The vertiginous politics of ‘apolitical’ art

The other night in faraway New Zealand, I took my seat at the Michael Fowler Centre to hear what I thought would be the orchestral suite of Bernard Herrmann’s score for Alfred Hitchcock’s cinematic masterpiece, Vertigo. But I got more than I expected: I was delightfully shocked when it soon became apparent that the orchestra would play the entire musical accompaniment to the film while the film itself was being shown.

It thus became a movie night out like no other, for a film that is well deserving of the many accolades it has won, including Sight & Sound’s critics’ choice as “the greatest film of all time.”

The plot is a devilishly ingenious one.

San Francisco detective John “Scottie” Ferguson develops acrophobia, a fear of heights, and vertigo, after a policeman dies attempting to rescue him from a rooftop while in pursuit of a criminal. Scottie falls and sustains injuries and retires from the force. A college acquaintance, one Gavin Elster, hires him to follow his wife Madeleine, whom he suspects is being possessed by her great-grandmother, Carlotta Valdes, who committed suicide. The sceptical Scottie, rendered beautifully by Jimmy Stewart, reluctantly agrees to keep tabs on Elster’s wife, played equally powerfully by Kim Novak.

What ensues is an elaborate web of deception, doubles, passion, seduction, loss and despair.

I had seen the film many times before, always fascinated by its psychological grip, and by the canny way that Hitchcock used colour to compose his scenes, and of course by Herrmann’s supporting music. Indeed, without Herrmann’s music the film would be deprived of most of its power to enchant and enthrall.

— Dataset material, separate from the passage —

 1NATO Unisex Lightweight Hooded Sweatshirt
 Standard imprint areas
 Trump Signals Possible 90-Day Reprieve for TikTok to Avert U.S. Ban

And as I watched, I mused too upon Chris Marker’s fabulous documentary excursion on the nature of memory and colonialism (and much else) in his own masterwork , Sans Soleil. Marker had seen Vertigo nineteen times and drew attention to the spiral of time in the coils of the hair of the dead Carlotta Valdes and the living Madeleine, to the eye of Madeleine and the eye of a painted horse at the Spanish mission, where time, memory and love would meet in a fateful tragic dance.

As the wonderful New Zealand Symphony played and the rich live sounds reverberated in the hall, I thought too about the deep links between what we deem to be political and apolitical. Vertigo is, if anything, devoid of any hint of politics in the generally accepted sense. Yet in its exploration of the intensely personal, in the domain of what men and women label love, the very seeds of the political structure at large, and all its many faults, may be seen, heard and felt.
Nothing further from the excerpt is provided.